Sfortunatamente Goni non è Tony Blair né tantomeno Mandela, altro account nel portfolio della Greenberg, ma un blando tecnocrate cresciuto a Washington che biascica luoghi comuni di generico neoliberismo con uno spagnolo impastato di un improponibile accento «gringo» e quando si spengono i riflettori contiene a malapena il suo disprezzo per gli indigeni che nei comizi di paese gli versano coriandoli in testa e con cui è costretto, su ordini perentori dei consulenti, a farsi continuamente fotografare («indica compassione per i poveri»). Il «modernizzatore scoialdemocratico» prescelto dalla GCS cioé è l’ennesimo fantoccio della banca mondiale imposto dal Norte, mentre fra gli altri 10 avversari comincia ad emergere Evo Morales, i candidato indigeno che raccoglie entusiasmo genuino fra gli indios delle campagne.
La strategia dei mercanti di democrazia è semplice – ripetere il messaggio finché non diventa vero, produrre spot «on message» organizzare costanti focus group di elettori per monitorare gli effetti desiderati sull’opinione pubblica. È un format che ha dopotutto dato ottimi risultati in molti altri paesi, dall’Irlanda alla Germania ad Israele, Carville è stato uno dei pionieri della consulenza politica da export ed ha almeno ufficialmente abbandonato il mercato americano, del consenso, troppo saturo e competitivo, per concentrarsi sui mercati emergenti delle democrazie straniere.

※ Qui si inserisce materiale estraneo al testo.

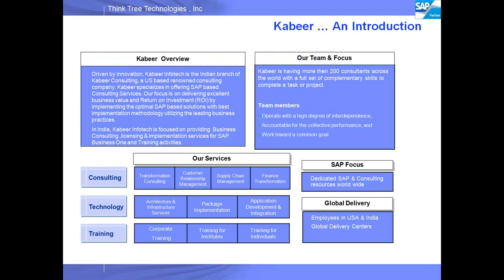I also wanted to give a quick introduction of Kavir. We have two companies: Kavir Consulting and Kavir InfoTech. Kavir InfoTech is in India; Kavir Consulting is in the U.S.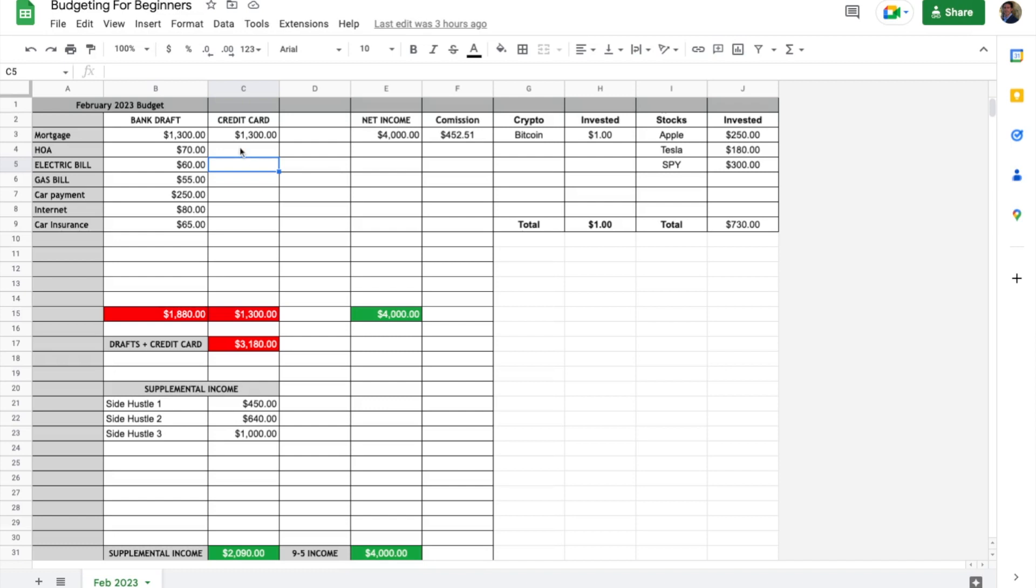We're here in the spreadsheet and I'll give you a tour of how it's laid out. For your own situation you can label mortgage, rent, whatever you personally have.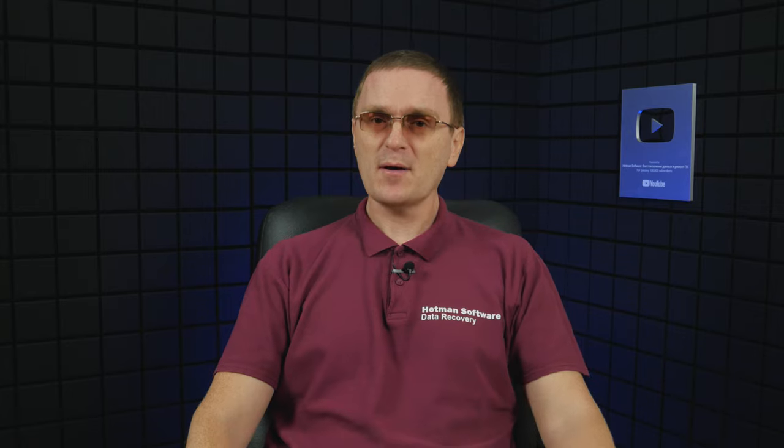During installation of any operating system, you may encounter a number of various errors, but we're going to focus on the ones especially relevant for Windows 11. There are a multitude of things that may cause an error, but quite a lot of widespread issues can be fixed with a few simple steps. First of all, you need to make sure that your computer meets Windows 11 installation requirements, since this is the error people encounter most often.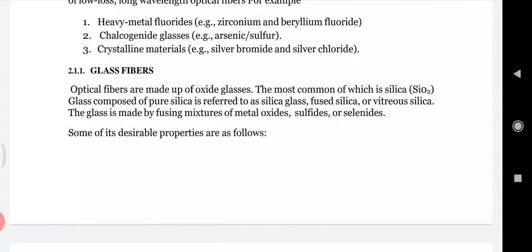Glass fibers are made of oxide glasses, most commonly silica (SiO2). Glass composed of pure silica is referred to as silica glass, fused silica, or vitreous silica. Glass can also be made by fusing metal oxides, sulfides, or selenides.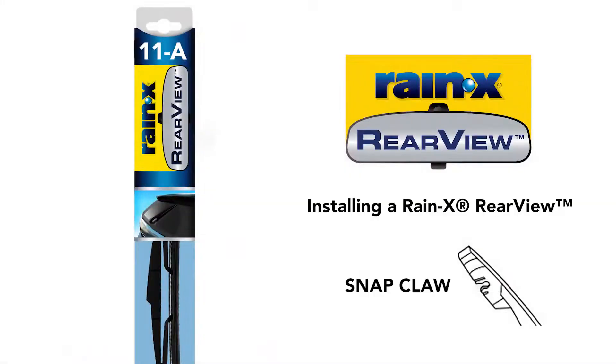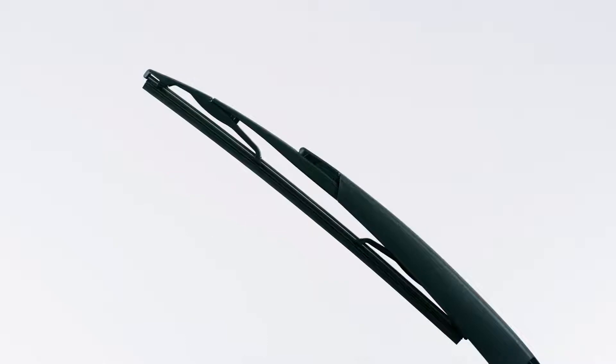Here's how to install a Rain-X rearview wiper blade on a snap claw arm. Begin by placing the wiper arm in the service position. You may need to consult the owner's manual of your vehicle on how to do this.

Sull’altra sponda politica ci sono consulenti di area repubblicana come Dick Morris e Frank Luntz (quello del format ‘contratto con l’America’ famosamente rivenduto a Berlusconi dopo il successo avuto con Newt Gingrich e i repubblicani neo-reaganiani) specializzati in candidati conservatori su campo internazionale, formazioni che si incontrano e si scontrarono in paese dopo paese riproponendo gli stessi format in opposizione in elezioni in Kenya, Argentina, Austria e Honduras: multinazionali del «consenso» che ha preso il posto della politica (In Italia i clienti Greenberg furono l’Ulivo e Francesco Rutelli).
Nel film della Boynton mentre il voto si avvicina, i numeri di Goni stentano a decollare malgrado le scenografie, l’illuminazione favorevole e il martellamento degli slogan. I tecnici della GCS passano a rimedi più sbrigativi, circolano voci e illazioni sugli avversari e in extremis l’uomo di Washington passa con uno scarto del 2%. È l’ennesima vittoria della nuova democrazia. Ma c’è un epilogo: a meno di un anno dall’elezione le cineprese di Rachel Boynton sono di nuovo a La Paz e filmano la rabbia popolare che esplode nelle strade dopo 9 mesi di promesse non mantenute se non alle multinazionali del gas e del rame. È l’avvento di Evo Morales e della sua idea di democrazia «antiquata» basata su giustizia sociale.
La versione fiction trasforma il consulente elettorale originalmente filmato da Boynton in protagonista femminile e le cuce addosso una improbabile coscienza per imbastire l’happy ending che esige il format moralista. Nel finale del documentario invece un campesino davanti al palazzo presidenziale dice: «Mas vale que se vaya este gringo hijo de puta». E così sarà: l’ultima inquadratura è per lui, Goni, scappato a Washington che medita sul proprio destino. Rosner scuote la testa e riflette: «ci sono cose che anche la democrazia non può aggiustare».
A dieci anni di distanza è lecito domandarsi quante invece siano state «aggiustate» e quante, da Damasco a Kiev, siano in procinto di esserlo tuttora.